WHAT IS EXPECTED:
Could you write out, exactly as they stand, only the lines in the listing below from the line with "کراکس کشی2401" to the line with "Elite Boxing Gym, Unit", both ends included, without the pictures?

EXTRACTED RECORDS:
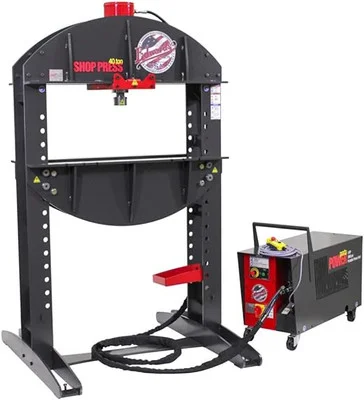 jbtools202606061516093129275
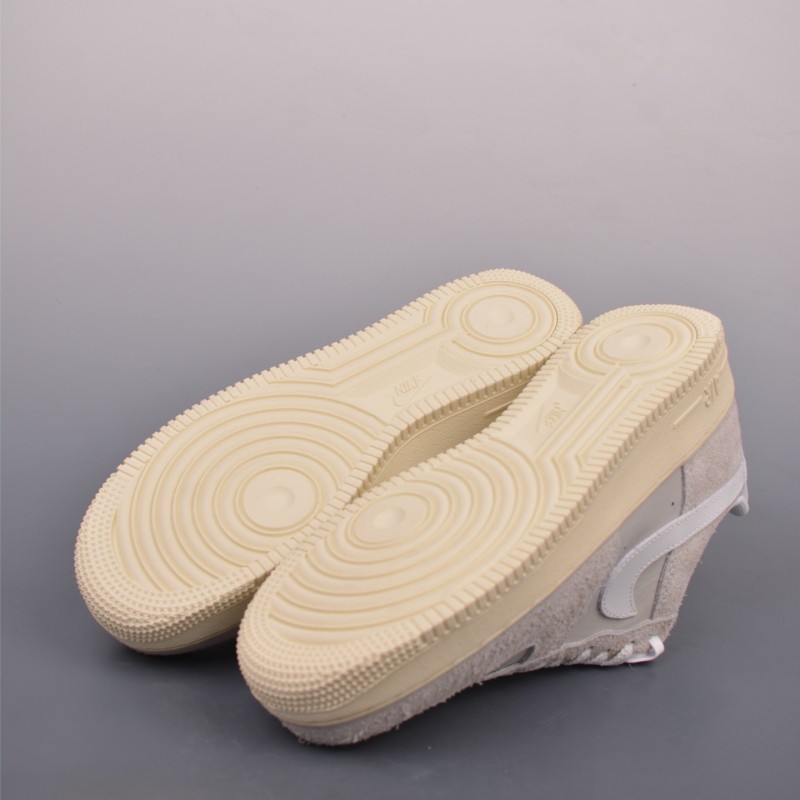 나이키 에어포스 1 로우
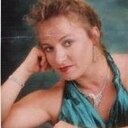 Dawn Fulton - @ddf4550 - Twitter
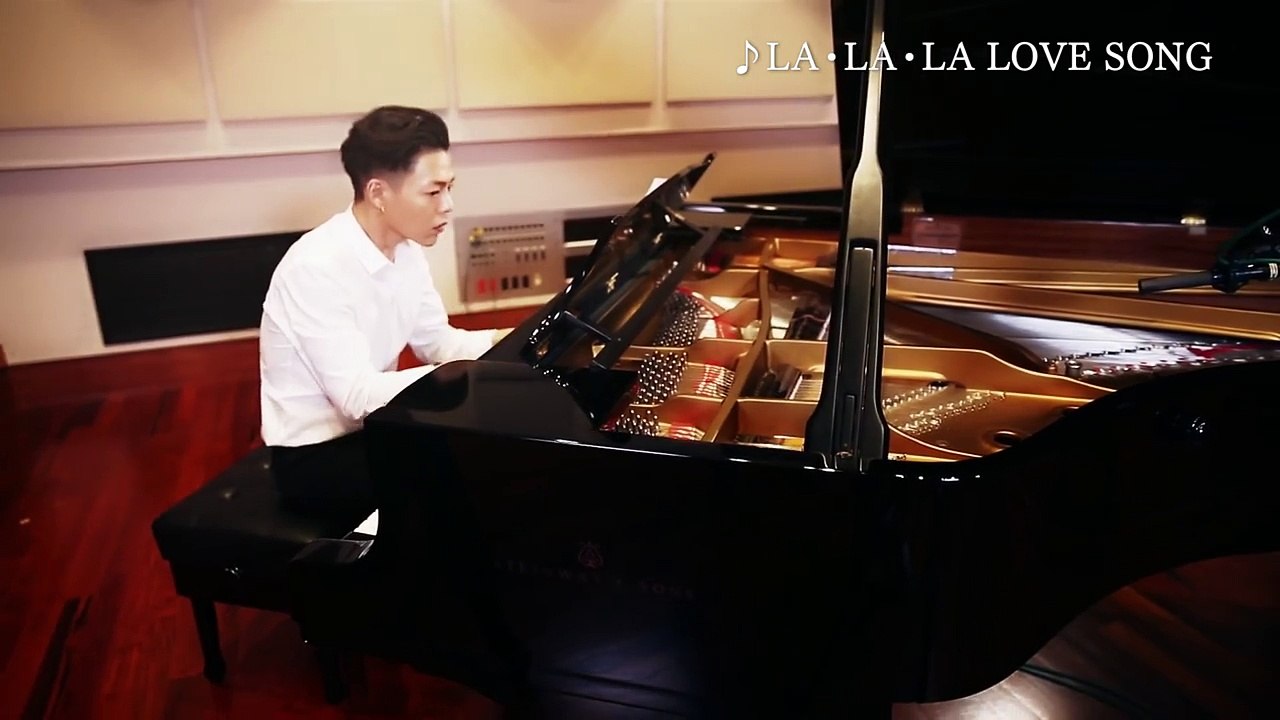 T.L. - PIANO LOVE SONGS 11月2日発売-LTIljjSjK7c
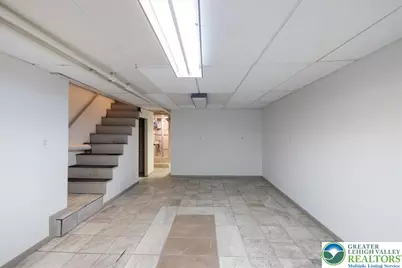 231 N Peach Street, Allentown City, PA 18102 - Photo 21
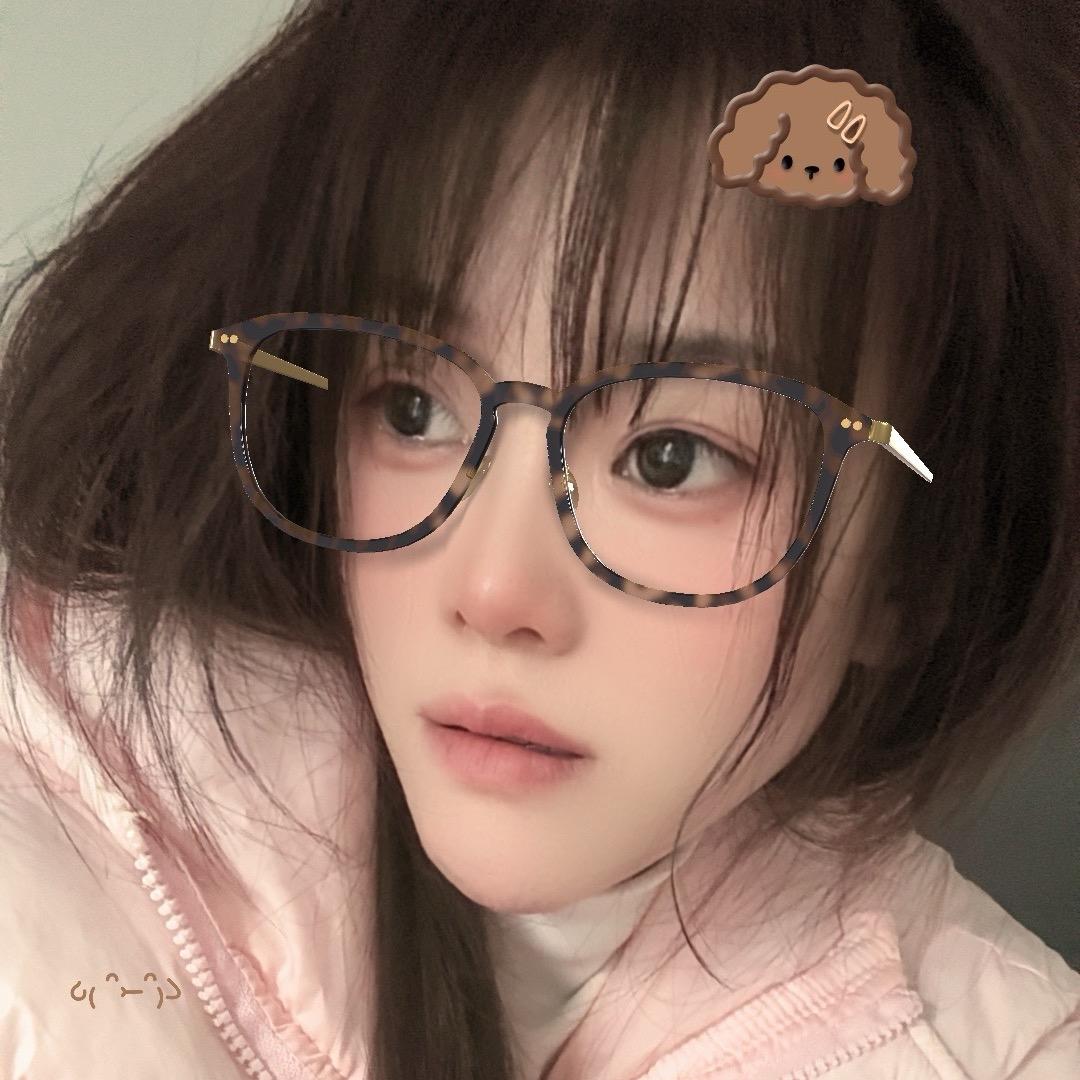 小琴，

* * *

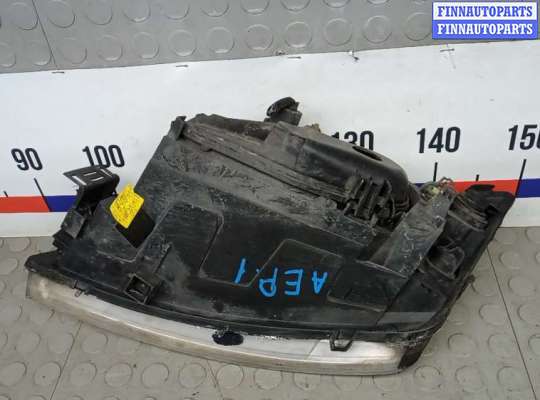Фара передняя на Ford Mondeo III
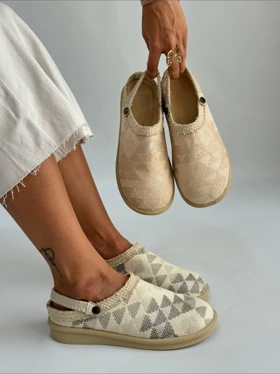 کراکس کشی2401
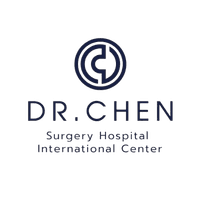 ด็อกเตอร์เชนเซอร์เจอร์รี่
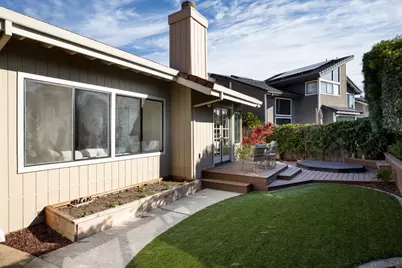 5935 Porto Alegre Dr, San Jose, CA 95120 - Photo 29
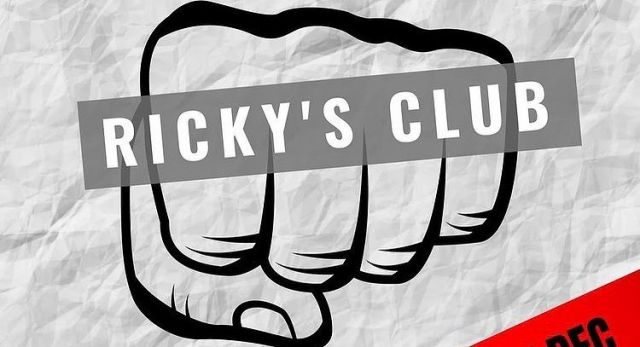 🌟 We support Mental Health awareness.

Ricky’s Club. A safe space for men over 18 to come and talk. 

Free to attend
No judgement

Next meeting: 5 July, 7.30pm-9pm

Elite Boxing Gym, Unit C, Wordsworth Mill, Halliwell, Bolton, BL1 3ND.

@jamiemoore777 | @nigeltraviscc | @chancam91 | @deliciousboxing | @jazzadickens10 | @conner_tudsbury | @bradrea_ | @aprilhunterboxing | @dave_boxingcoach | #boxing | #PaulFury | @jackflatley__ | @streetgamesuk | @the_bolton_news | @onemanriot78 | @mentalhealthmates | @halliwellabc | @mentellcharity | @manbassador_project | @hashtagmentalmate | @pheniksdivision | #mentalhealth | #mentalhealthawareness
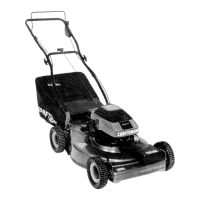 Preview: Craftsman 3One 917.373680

---

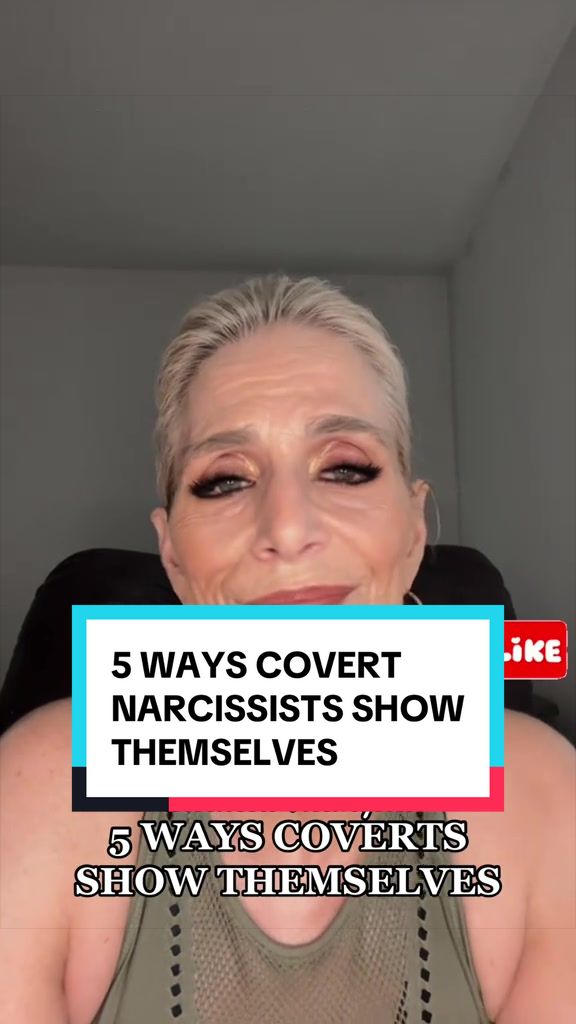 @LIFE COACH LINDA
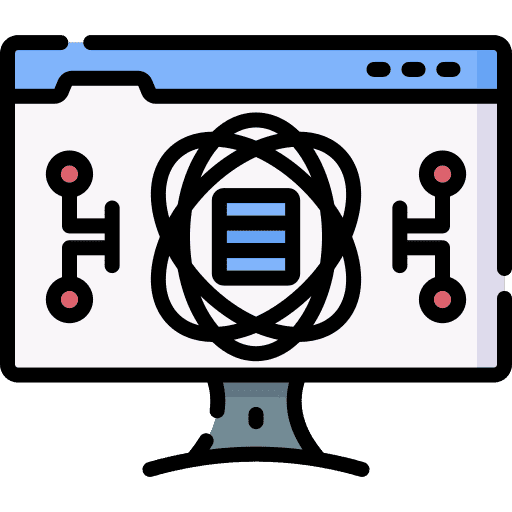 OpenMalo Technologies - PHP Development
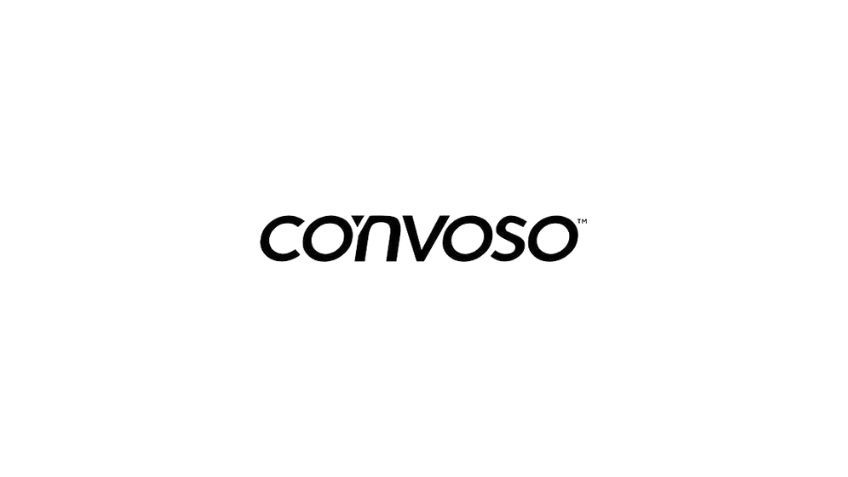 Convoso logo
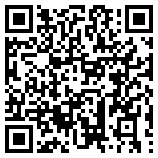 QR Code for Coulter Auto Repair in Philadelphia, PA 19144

RESULT OF THE TASK:
 کراکس کشی2401
 ด็อกเตอร์เชนเซอร์เจอร์รี่
 5935 Porto Alegre Dr, San Jose, CA 95120 - Photo 29
 🌟 We support Mental Health awareness.

Ricky’s Club. A safe space for men over 18 to come and talk. 

Free to attend
No judgement

Next meeting: 5 July, 7.30pm-9pm

Elite Boxing Gym, Unit C, Wordsworth Mill, Halliwell, Bolton, BL1 3ND.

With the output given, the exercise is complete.